Starts Consul + Nomad in dev mode with ACLs enabled
Creates least-privilege tokens
Starts Traefik with the ScaleWaker plugin
Builds and runs the idle-scaler as a Nomad system job

Simple Test

Once the stack is running:

# 1. Deploy a scale-to-zero enabled job
nomad job run local-test/sample-jobs/echo-s2z.hcl

# 2. Test the service
curl -H 'Host: echo-s2z.localhost' http://localhost/

# 3. Scale it down to 0
nomad job scale echo-s2z main 0

# 4. Hit it again - it wakes back up automatically!
curl -H 'Host: echo-s2z.localhost' http://localhost/

See LOCAL_TESTING.md for detailed development setup and testing guide.

💡 Use Cases

Scale-to-zero is perfect for:

Development/Staging Environments: Dramatically reduce costs for environments used only during business hours
Preview Environments: PR previews and feature branches that sit idle most of the time
Batch Processing Services: Jobs triggered by external events (webhooks, cron) with idle periods
Internal Tools: Admin panels, dashboards, and utilities with sporadic usage
Microservices: Low-traffic services in a microservices architecture
Multi-Tenant Applications: Per-customer services that aren't always active

Why Scale-to-Zero?

Traditional auto-scaling typically scales to a minimum of 1 instance, which still consumes resources 24/7. Scale-to-zero goes further:

Reduce costs by 90%+ for idle services
Maintain instant availability with automatic wake-on-request
Optimize resource utilization across your cluster
Simplify operations with automatic lifecycle management

📖 How it works

Request path (wake-up)

A request arrives at Traefik for some-service.localhost.
The ScaleWaker middleware determines the target service/job from the request (usually the Host header).
If the service is not healthy/registered (typically because it’s scaled to 0):
- it calls the Nomad API to scale the job group up (usually to 1)
- it waits for the service to become healthy in Consul (bounded by a timeout)
It records activity (last request timestamp) in the configured activity store.
The request is proxied to the now-running backend.

Background path (scale-down)

The idle-scaler periodically scans for scale-to-zero-enabled jobs.
For each job it reads the last activity timestamp.
If now - lastActivity > idleTimeout, it scales the job group down to 0.

🏭 Production Deployment

Prerequisites

HashiCorp Nomad cluster (1.0+)
HashiCorp Consul cluster
Traefik (2.9+) as ingress proxy
Redis (optional, recommended for large deployments)

Deployment Steps

Deploy the Traefik Plugin

Option A: Local Plugin Installation (Recommended for now)

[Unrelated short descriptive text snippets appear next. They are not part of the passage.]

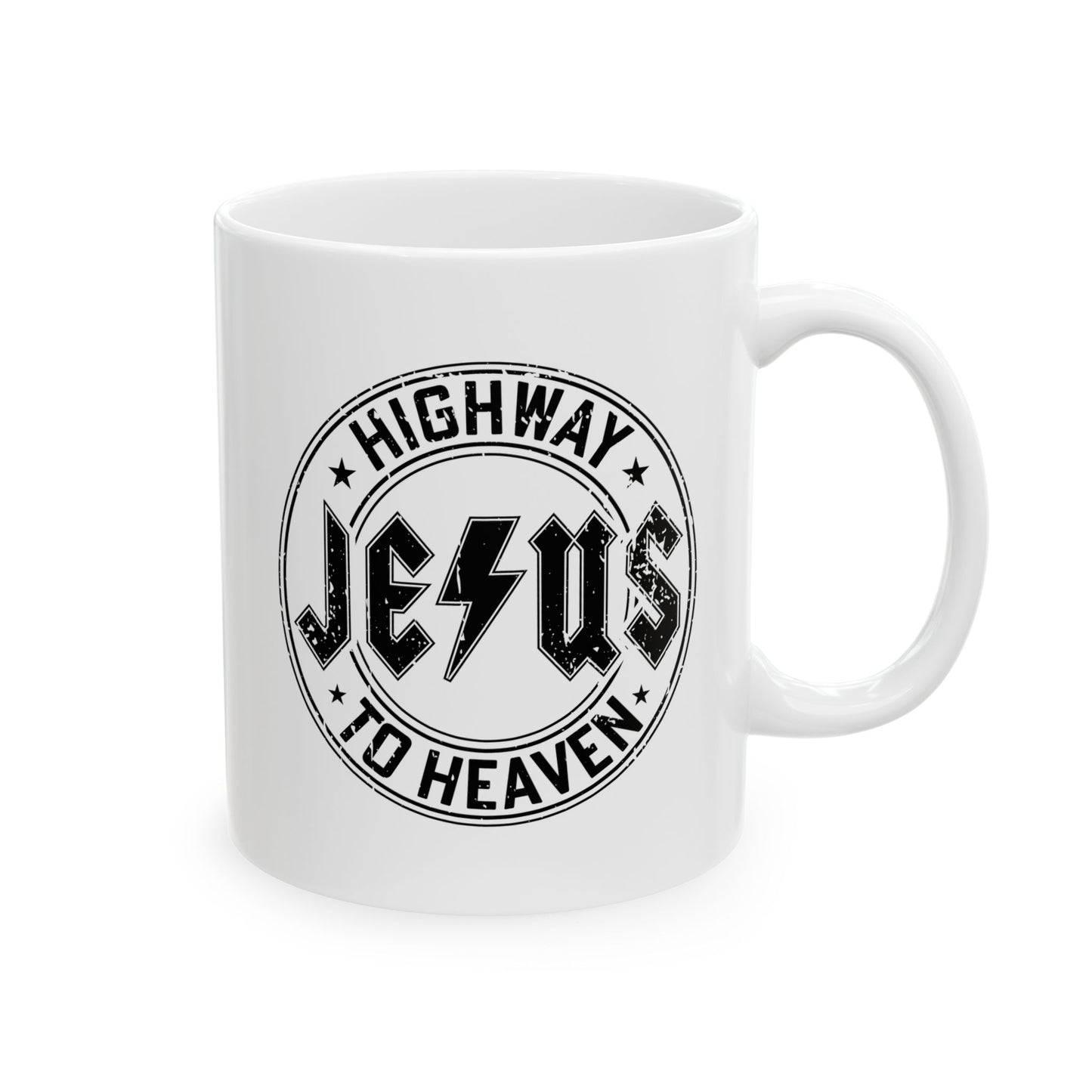 Religious Mug, Jesus Highway To Heaven, Christian Coffee Cup, Faith Ceramic Mug, Inspirational Tea Mug, Religious Gift Mug - Victory Thru Vision 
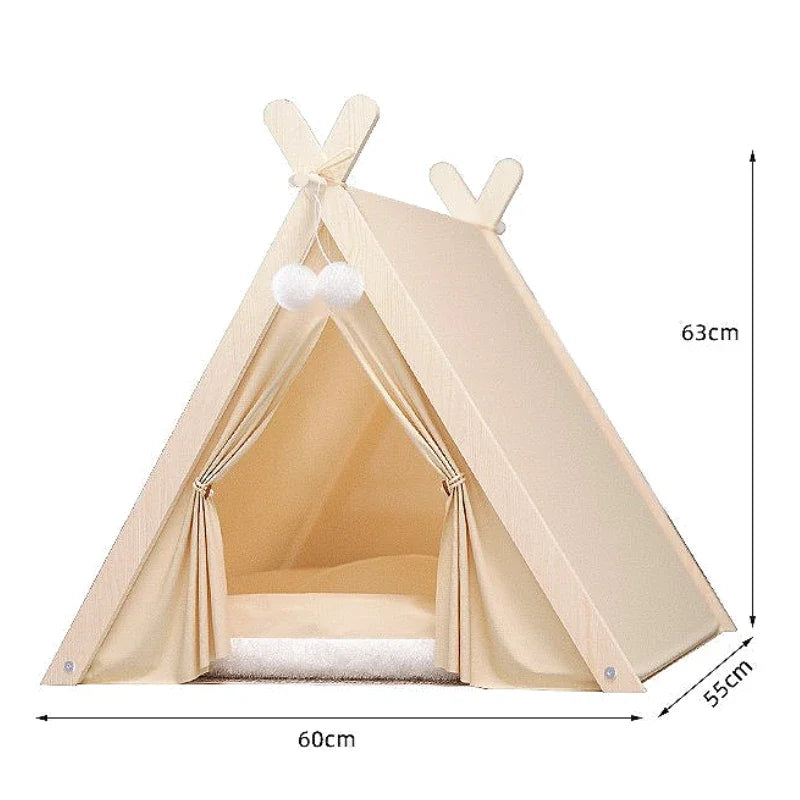 Pet Tent Nest Removable and Easy To Wash with Thick Soft and Comfortable Pad Warm Wooden Tent Bed Suitable for Cats and Dogs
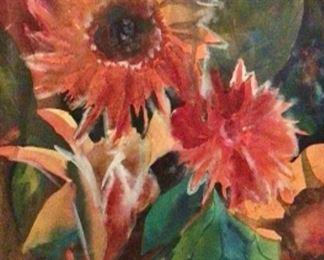 Jane Paden Original Watercolor “Sunflowers”. (11”x15”)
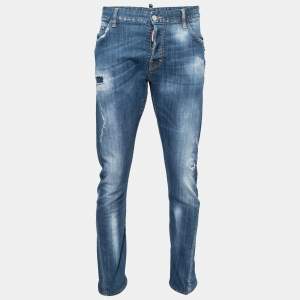 Dsquared2 Blue Distressed Denim Sexy Twist Jeans XXXL Waist 37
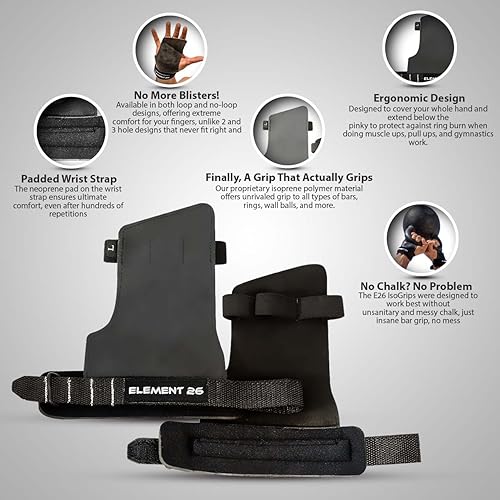 Miniatura 2 de Element 26 IsoGrip - Empuñaduras de mano para entrenamiento cruzado, gimnasia y levantamiento de pesas, puños de gimnasia para hombres y mujeres,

Copy the plugin to Traefik's local plugins directory:

# Clone the repository
git clone https://github.com/Metatable-ai/nomad_scale_to_zero.git

# Copy plugin to Traefik plugins directory
mkdir -p /path/to/traefik/plugins-local
cp -r nomad_scale_to_zero/traefik-plugin /path/to/traefik/plugins-local/

Configure Traefik static configuration:

experimental:
  localPlugins:
    scalewaker:
      moduleName: "nomad_scale_to_zero/traefik-plugin"

Option B: Plugin Catalog (Coming soon)

Note: Plugin Catalog support requires restructuring this repository to have the plugin code at the root. This is planned for a future release. For now, use local plugin installation (Option A).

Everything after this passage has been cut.